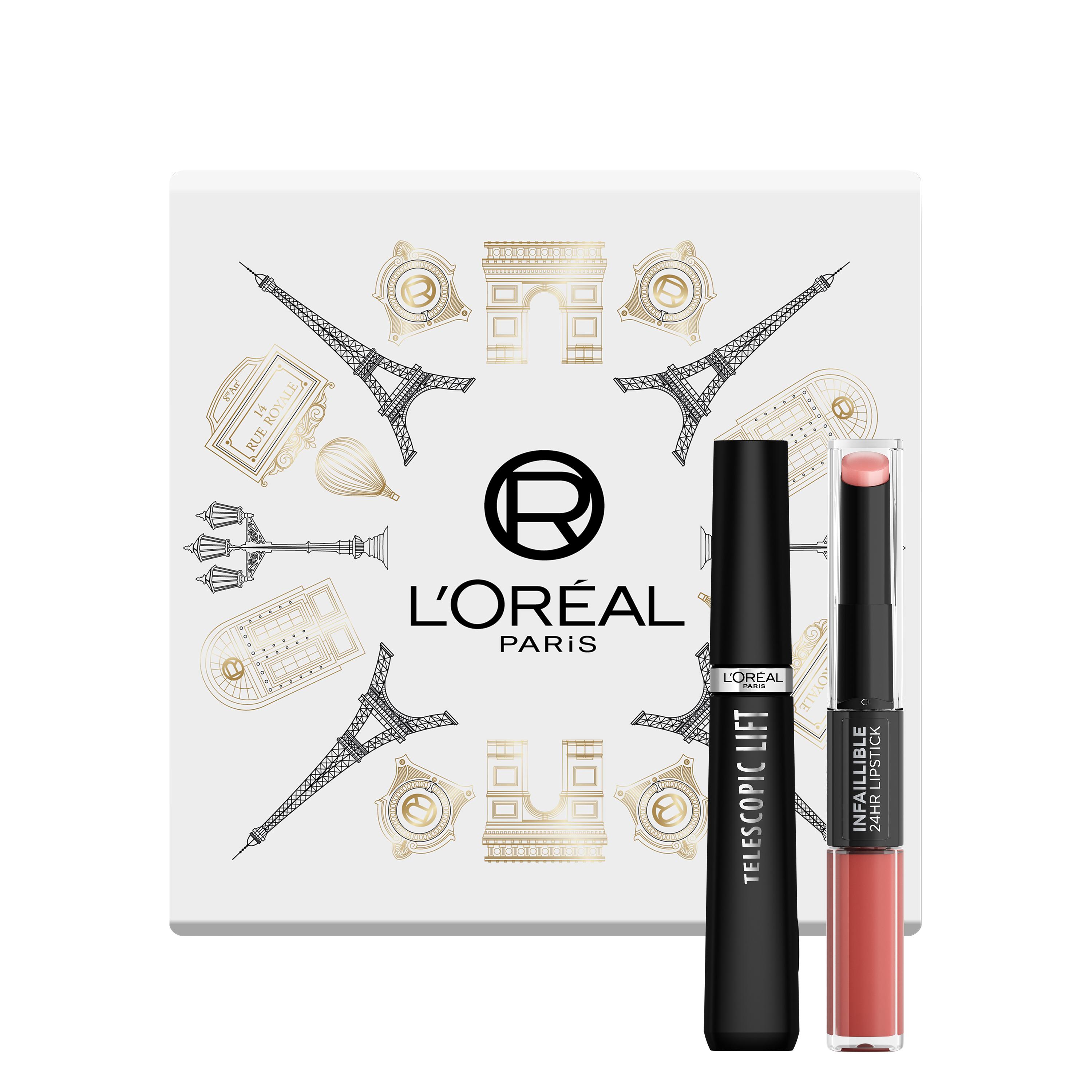 Telescopic Lift Mascara + Infaillible 24H Lipstick 312 Incessant Russet Rouge à lèvres
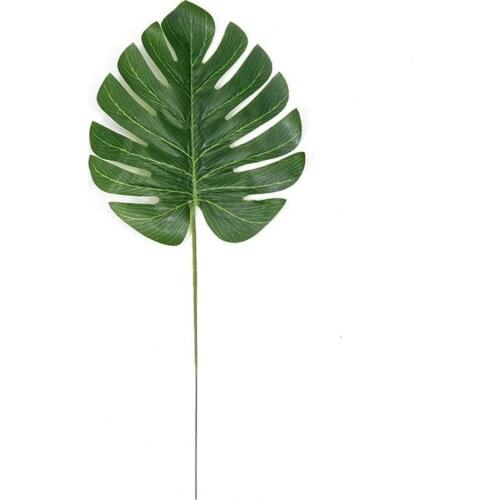 Hot Sale 1Pc Nordic Style Fake Monstera Leaf Plant Home Office Decoration Photo Prop For Wedding Wall Decoration Green Leaves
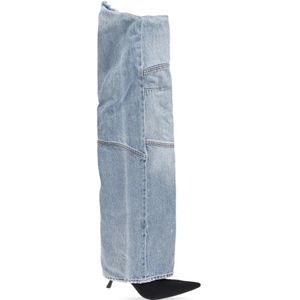 Balenciaga, Dames, Schoenen, Blauw, Maat: 37 EU Denim,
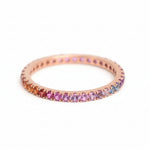 Rainbow Sapphire Ring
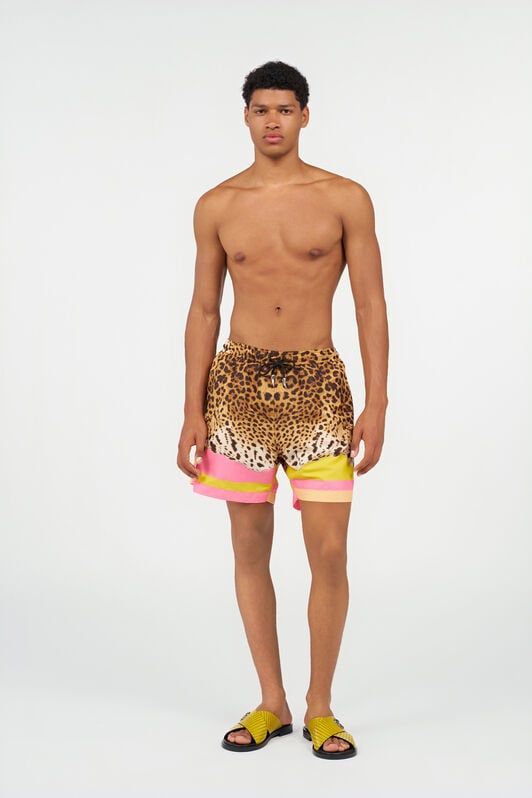 RC Swimsuit with Pop Horse Print RC Swimsuit with Pop Horse Print YELLOW WRH00U-5RR33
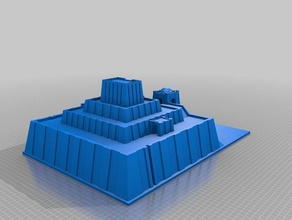 nanna-sin ziggurat binalar yapılar eski mimarlık yeniden yapılanma 3d print model - Mito3D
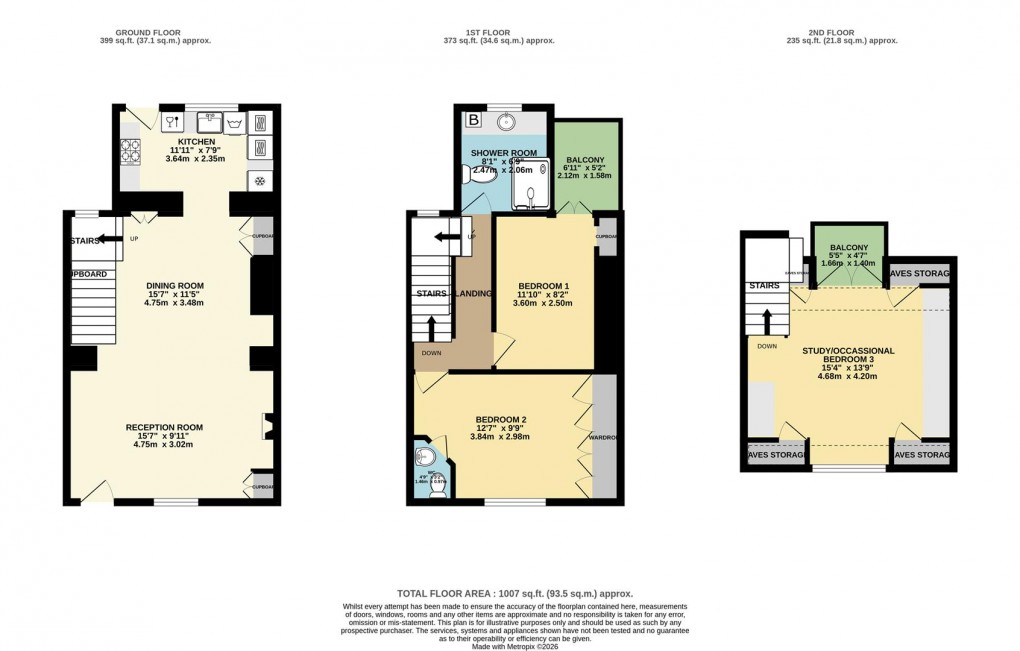Floorplan for Lostwithiel Street, Fowey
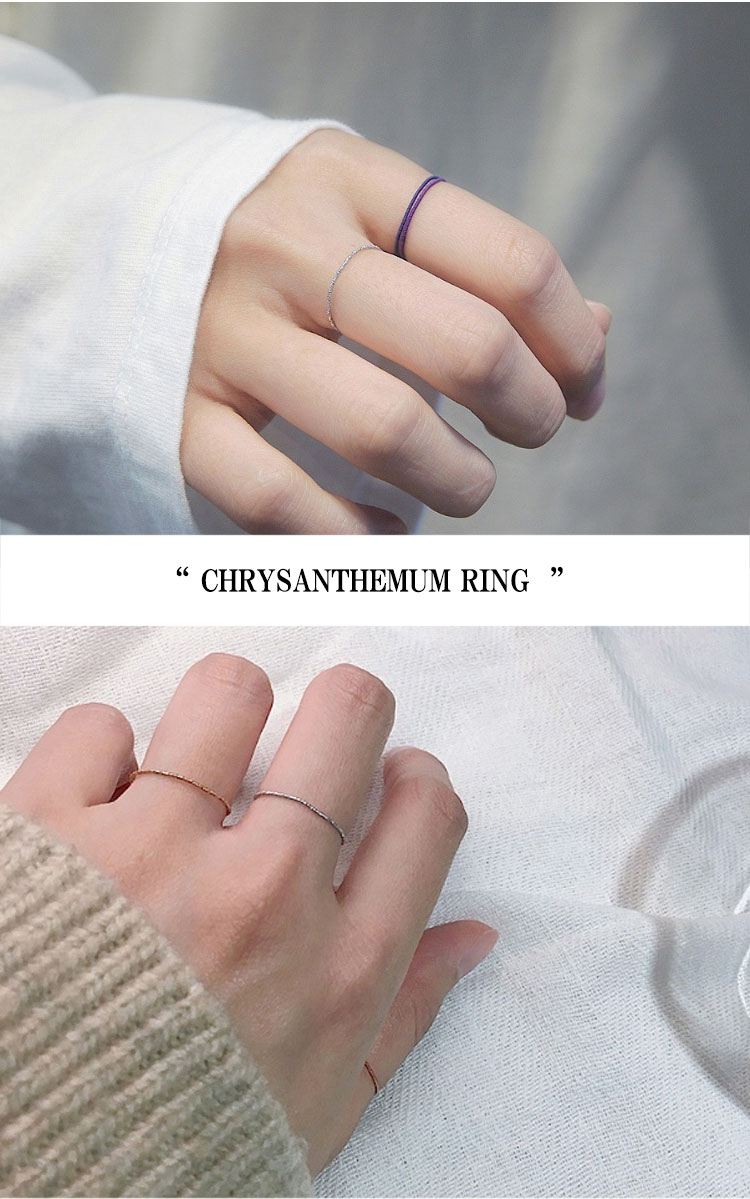 チェチャンナムメイド リング ccnmade 正規販売店 CHRYSANTHEMUM RING クリサンセマムクラブリング 全21色 指輪 韓国アクセサリー 1000000753 ACC｜drescco｜04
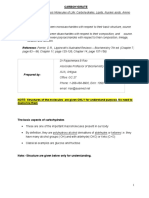 Carbohydrate - Lecture Notes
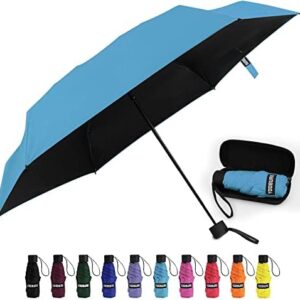 Yoobure Small Mini Umbrella with Case Light Compac…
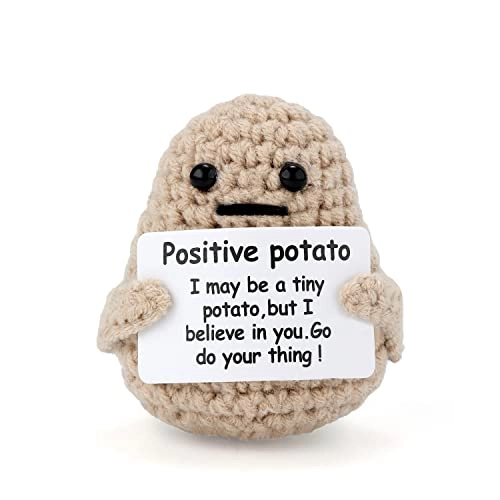 Mini Funny Knitted Potato - 7.5cm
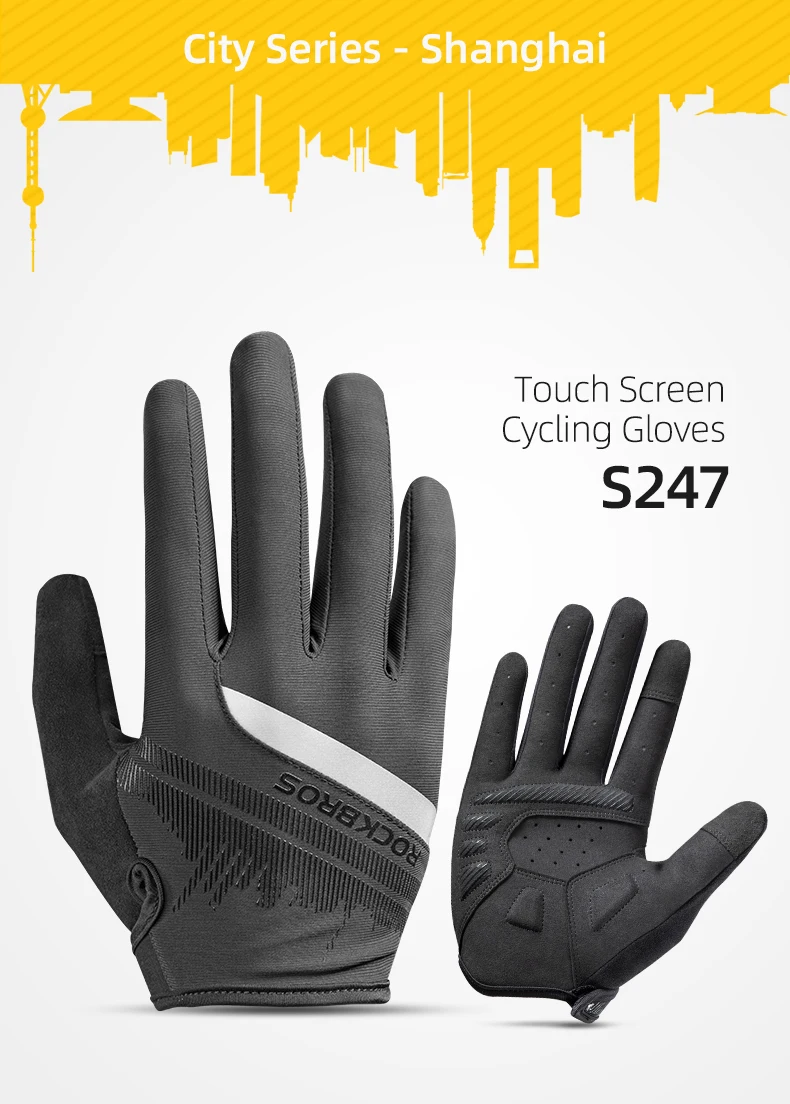 Mens Women Cycling Gloves Touch Screen Full Finger Spring Bike MTB GloveBicycle| 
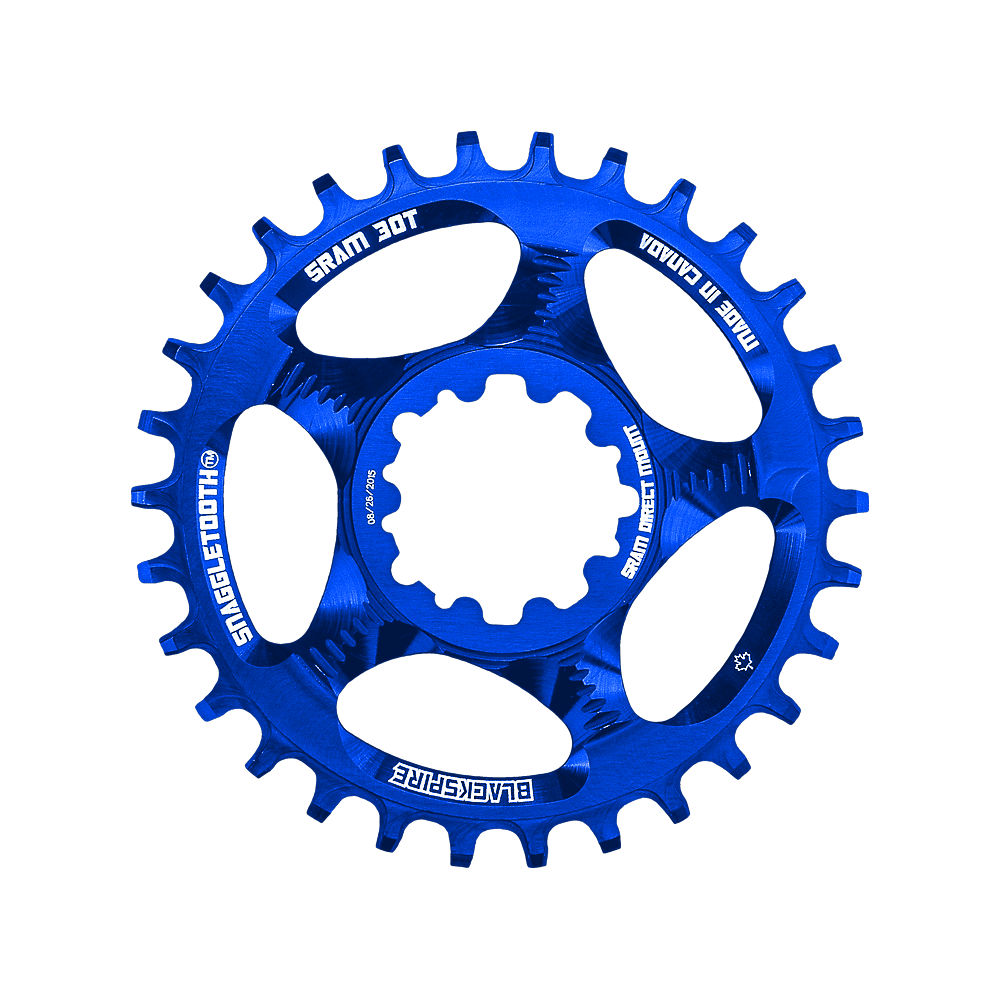 Plateau Blackspire Snaggletooth Narrow Wide SRAM - Bleu - Direct Mount, Bleu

GOAL OF THE EXERCISE:
Once you find the line with "Floorplan for Lostwithiel Street, Fowey", restate it and every later line of the data word for word, excluding the pictures.

SOLUTION TO THIS EXERCISE:
Floorplan for Lostwithiel Street, Fowey
 チェチャンナムメイド リング ccnmade 正規販売店 CHRYSANTHEMUM RING クリサンセマムクラブリング 全21色 指輪 韓国アクセサリー 1000000753 ACC｜drescco｜04
 Carbohydrate - Lecture Notes
 Yoobure Small Mini Umbrella with Case Light Compac…
 Mini Funny Knitted Potato - 7.5cm
 Mens Women Cycling Gloves Touch Screen Full Finger Spring Bike MTB GloveBicycle| 
 Plateau Blackspire Snaggletooth Narrow Wide SRAM - Bleu - Direct Mount, Bleu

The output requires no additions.